**Task directions**. Return exactly the lines below, starting with the one that has "вид отеля - фотогалерея на RCC-TRAVEL.RU вид" and going on through the one that has "fruits-veggies-supplements-whole-fruit-a-81gJ9dJ3NaL.jpg".

**Given data**.
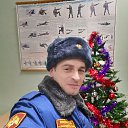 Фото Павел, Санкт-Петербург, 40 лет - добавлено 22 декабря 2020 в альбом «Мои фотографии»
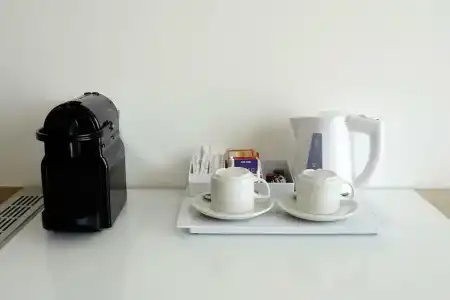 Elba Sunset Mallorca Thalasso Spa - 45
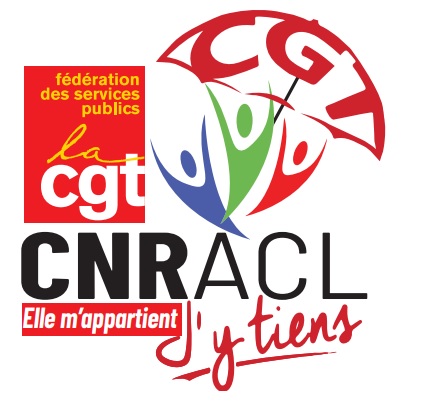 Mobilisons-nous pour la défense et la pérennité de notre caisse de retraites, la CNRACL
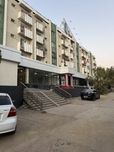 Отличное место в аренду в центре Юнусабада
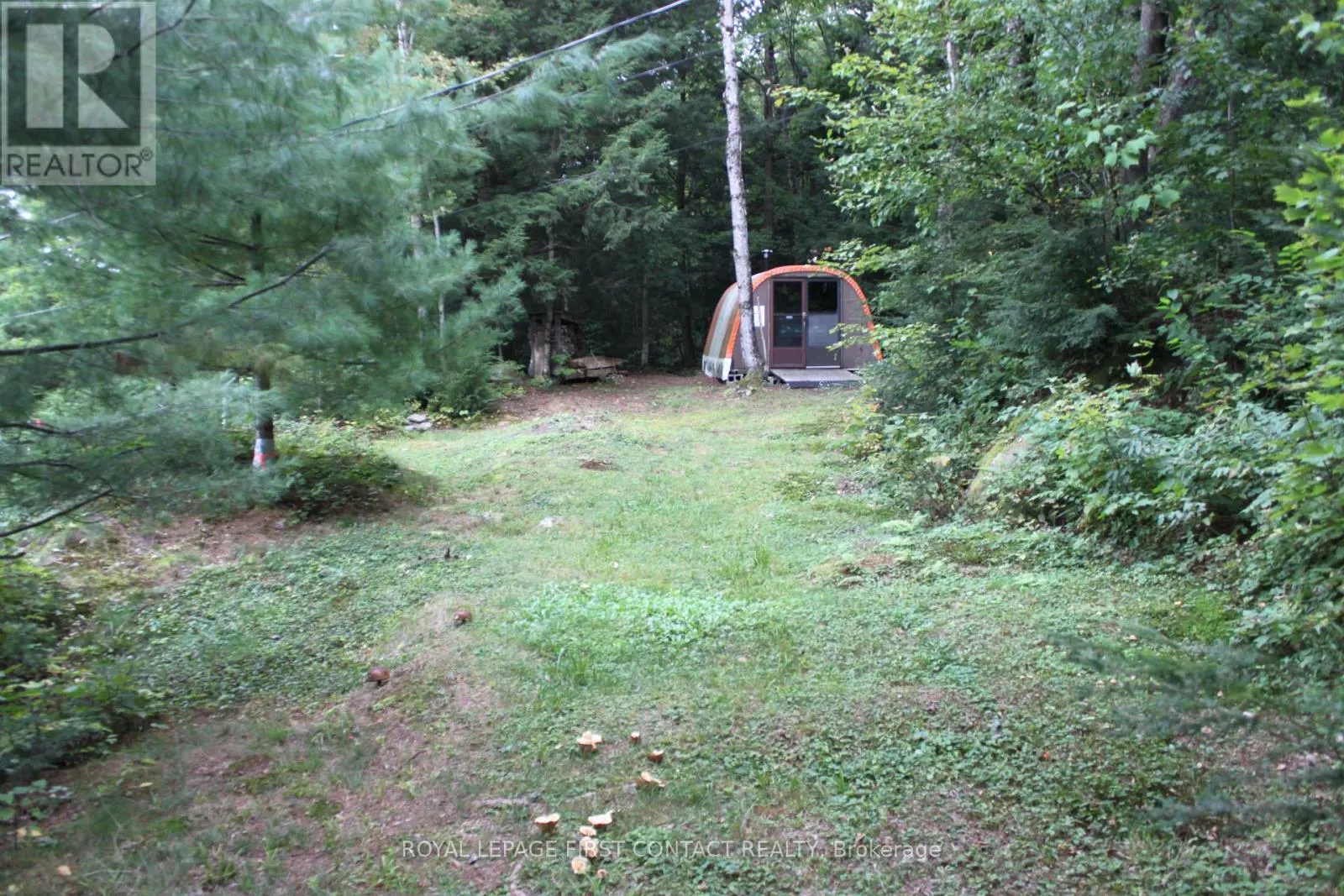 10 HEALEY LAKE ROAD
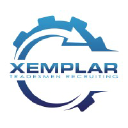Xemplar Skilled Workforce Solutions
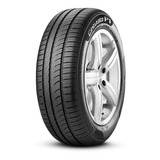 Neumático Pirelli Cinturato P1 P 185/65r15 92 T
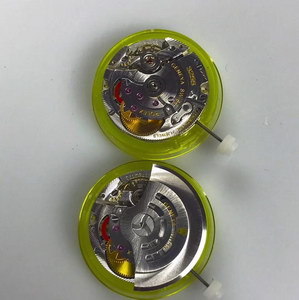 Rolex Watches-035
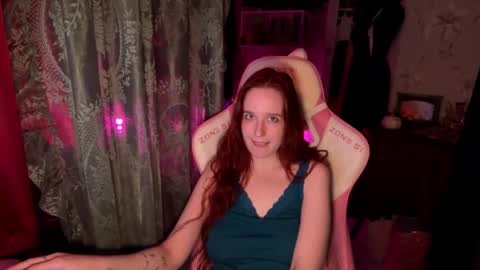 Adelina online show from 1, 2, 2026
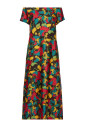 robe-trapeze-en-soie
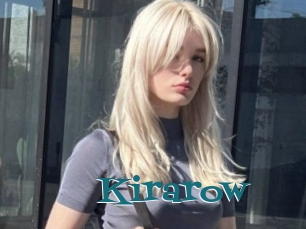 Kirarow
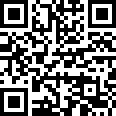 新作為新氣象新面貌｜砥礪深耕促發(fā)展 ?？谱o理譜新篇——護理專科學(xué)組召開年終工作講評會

==

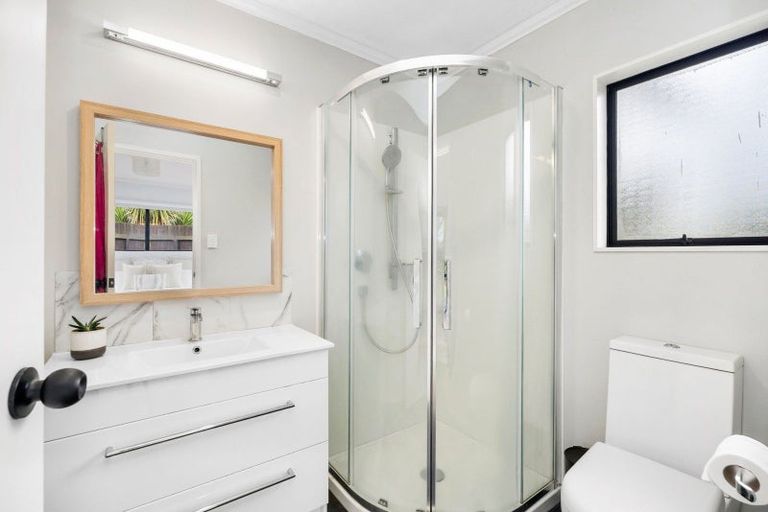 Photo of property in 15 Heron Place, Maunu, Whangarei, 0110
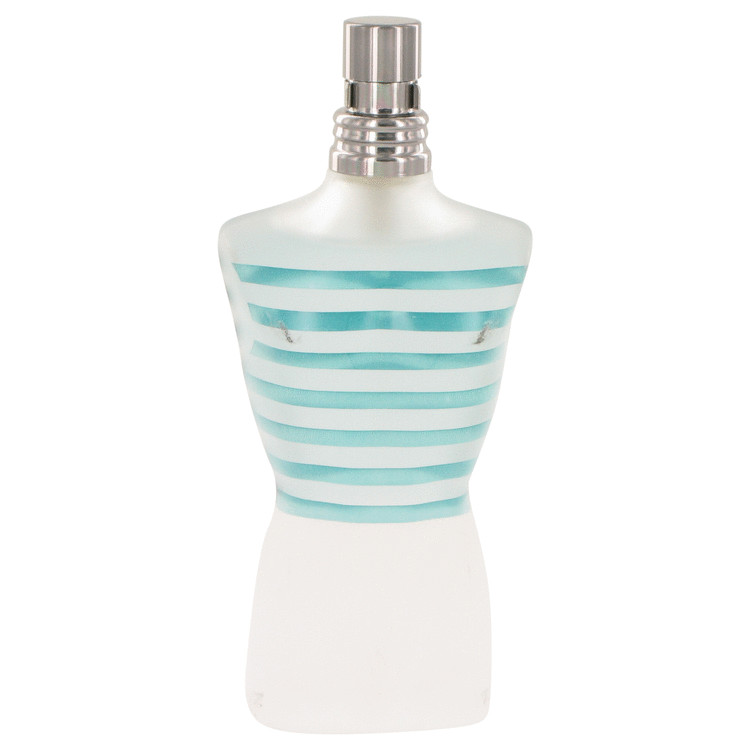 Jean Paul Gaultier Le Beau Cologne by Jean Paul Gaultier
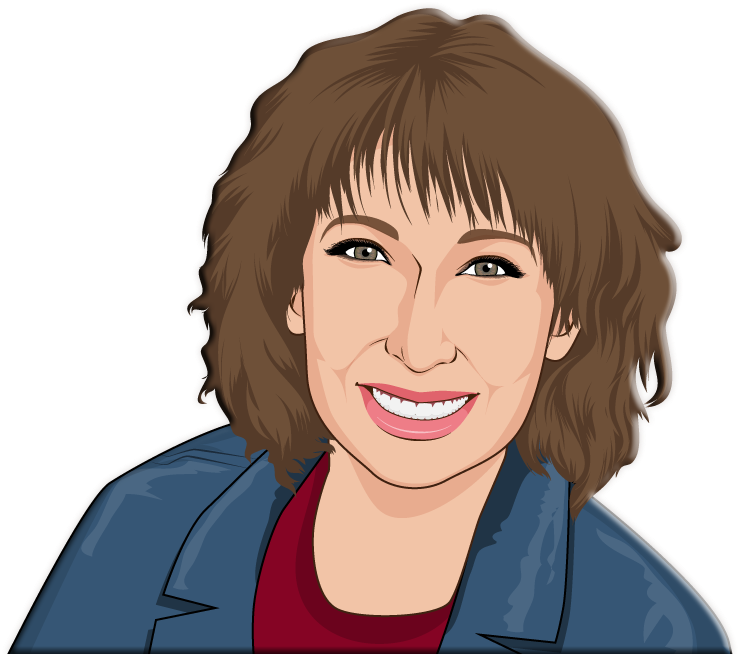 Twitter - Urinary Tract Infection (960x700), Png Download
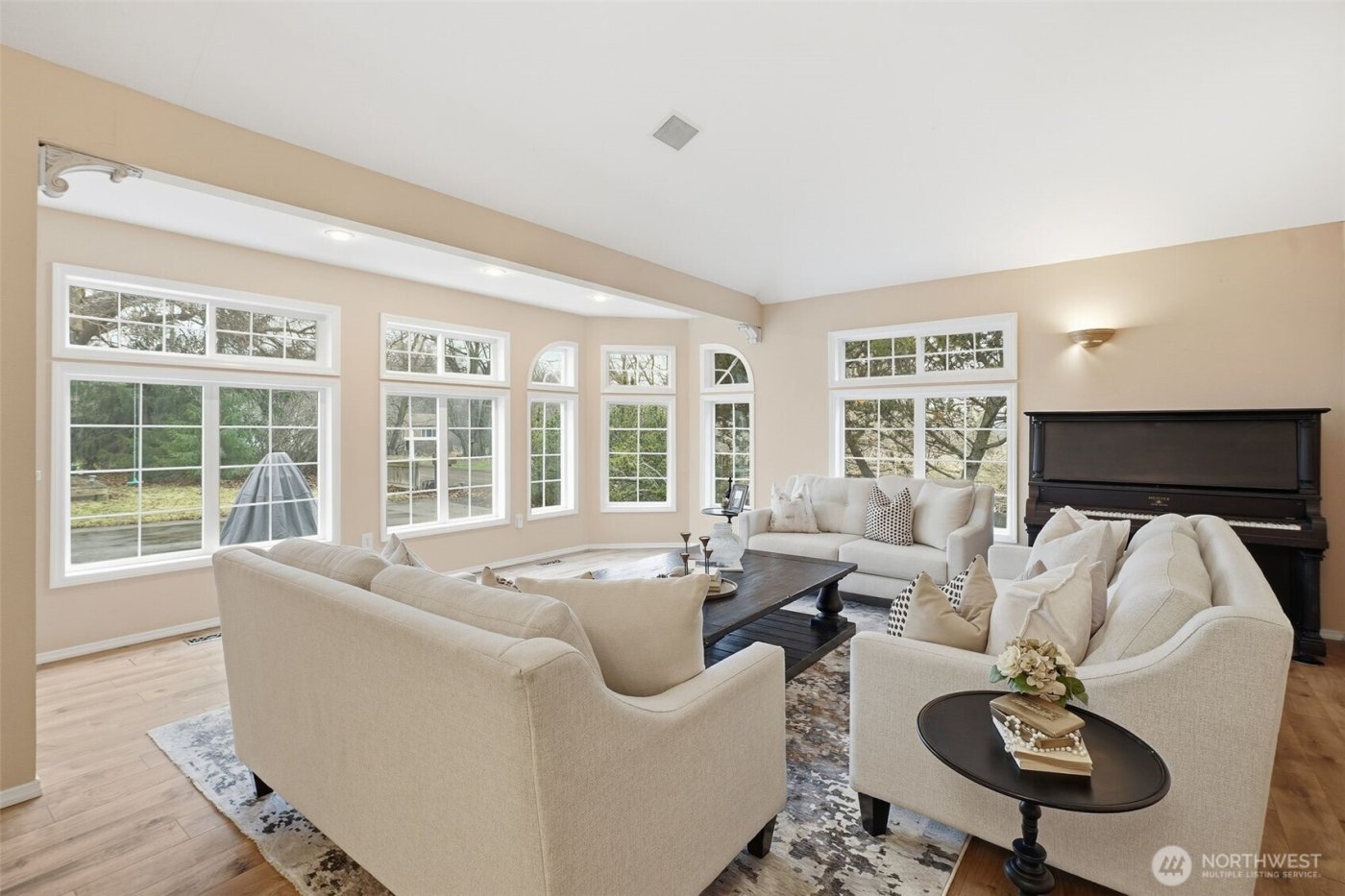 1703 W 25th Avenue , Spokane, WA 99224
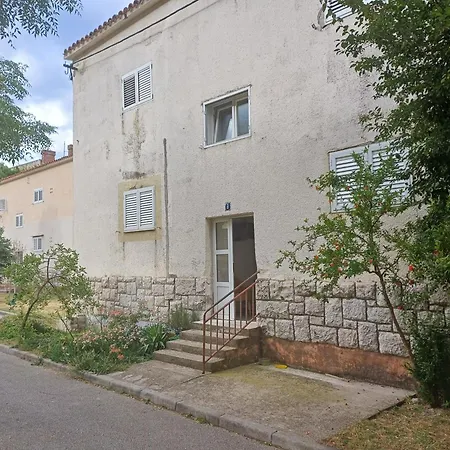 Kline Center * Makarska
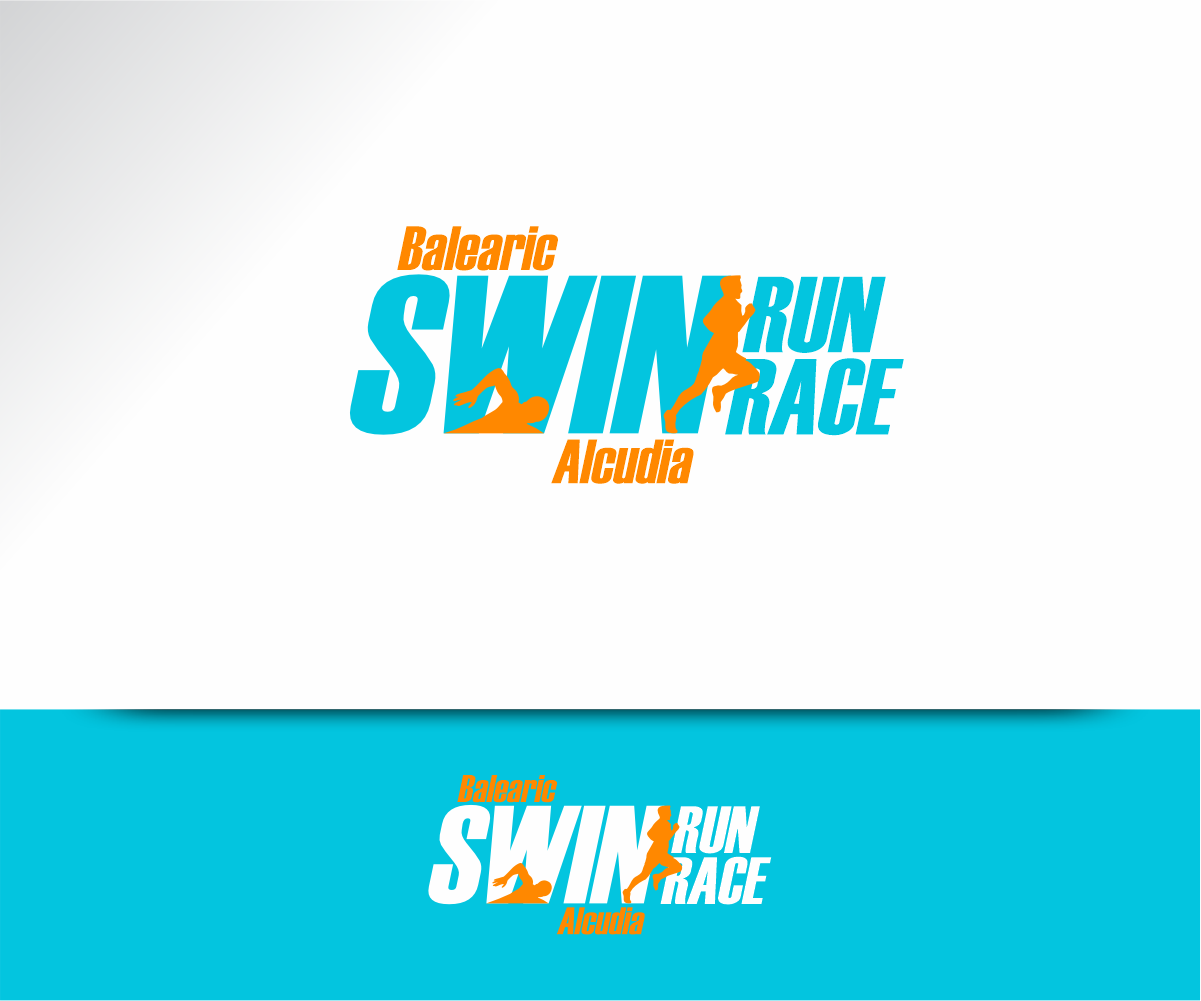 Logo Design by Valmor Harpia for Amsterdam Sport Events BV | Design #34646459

--

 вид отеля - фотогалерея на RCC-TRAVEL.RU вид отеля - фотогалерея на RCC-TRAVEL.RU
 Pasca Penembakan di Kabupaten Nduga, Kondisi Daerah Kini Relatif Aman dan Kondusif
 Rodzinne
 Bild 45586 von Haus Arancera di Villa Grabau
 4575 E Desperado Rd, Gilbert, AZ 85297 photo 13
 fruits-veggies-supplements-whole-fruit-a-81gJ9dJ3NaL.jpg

**Response to this exercise**.
 вид отеля - фотогалерея на RCC-TRAVEL.RU вид отеля - фотогалерея на RCC-TRAVEL.RU
 Pasca Penembakan di Kabupaten Nduga, Kondisi Daerah Kini Relatif Aman dan Kondusif
 Rodzinne
 Bild 45586 von Haus Arancera di Villa Grabau
 4575 E Desperado Rd, Gilbert, AZ 85297 photo 13
 fruits-veggies-supplements-whole-fruit-a-81gJ9dJ3NaL.jpg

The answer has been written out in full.